Many will head straight for the St James’ Gate Storehouse which has become the city’s foremost tourist attraction, with visitors flocking here to learn about the drink’s history, how it is made and, of course, to give it a try. Indeed, the Storehouse’s Gravity Bar offers unrivalled views across the city as far as the Wicklow Mountains – the source of the water with which Guinness is made – making it one of the best places to sink a glass.

However, unsurprisingly, the brew can be found all over town and indeed, all over Ireland.

Somewhat more surprising are these four facts about Guinness:

1. The original factory lease was 9,000 years long

When Arthur Guinness signed the lease for the St James’ Gate brewery on December 31, 1759, he actually signed up for a staggering 9000 years at a fixed price -  a move which may have, at the time, begged the question was he an astute visionary, or just crazy?

But the proof is in the pudding. Back then, the site was only four acres in size. That has since expanded to cover more than 50 acres, with around 10 million glasses of Guinness sold every day around the world.

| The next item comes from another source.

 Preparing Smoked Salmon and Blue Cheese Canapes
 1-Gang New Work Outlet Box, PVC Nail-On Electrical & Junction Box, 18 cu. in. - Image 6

And while that 9,000 year lease is no longer valid, that is simply because the company has since bought the land outright.

2. It's actually red

Despite a common belief that Guinness is a black concoction with a creamy white head, commonly referred to as the “Black Stuff”, the reality is that the stout is actually ruby red in colour – just look right at the bottom of the glass if you are in doubt. That deep red is the result of the roasted barley used in the unique secret recipe.

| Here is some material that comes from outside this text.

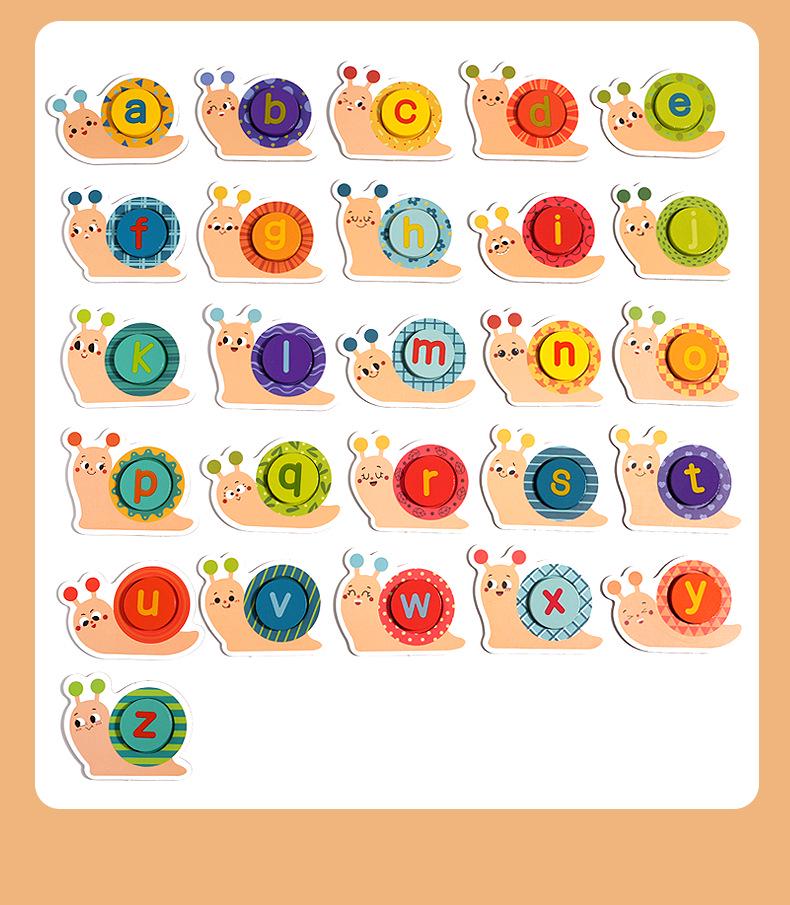 Montessori Wooden Snail Alphabet Matching Educational Toy for Kids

3. It's not the heaviest of beers

Despite its creamy texture and filling nature, Guinness is actually one of the lower calorie beers. With 198 calories in each pint, it comes in, somewhat surprisingly, at less than Budweiser, Coors, Heineken and Stella Artois. It’s also not among the stronger beer varieties as commonly believed. With 4.2% alcohol, it is weaker than the “average” draught beer which comes in at 5% ABV.

Although that’s not to say its old 1920s marketing tagline of Guinness is good for you has much weight. A recent study did find that the swarthy stout contains antioxidants that boost the immune system and that it can reduce blood clots as well as the risk of heart attacks. But the fact remains that it is still alcohol and so comes with a wide range of side effects if consumed to excess.

4. The Guinness legacy extends beyond beer

The legacy of the Guinness family extends way beyond their alcohol empire. Their influence can be seen around the city of Dublin to this day – St Stephen’s Green, for example. Use of this 22 acre green space in the heart of the Irish capital was restricted to local residents until 1877 when Sir A E Guinness initiated a review which saw it opened to the public. He also paid for the 1880 re-creation of the green in its current form, prompting the erection of a statue in his honour within the grounds.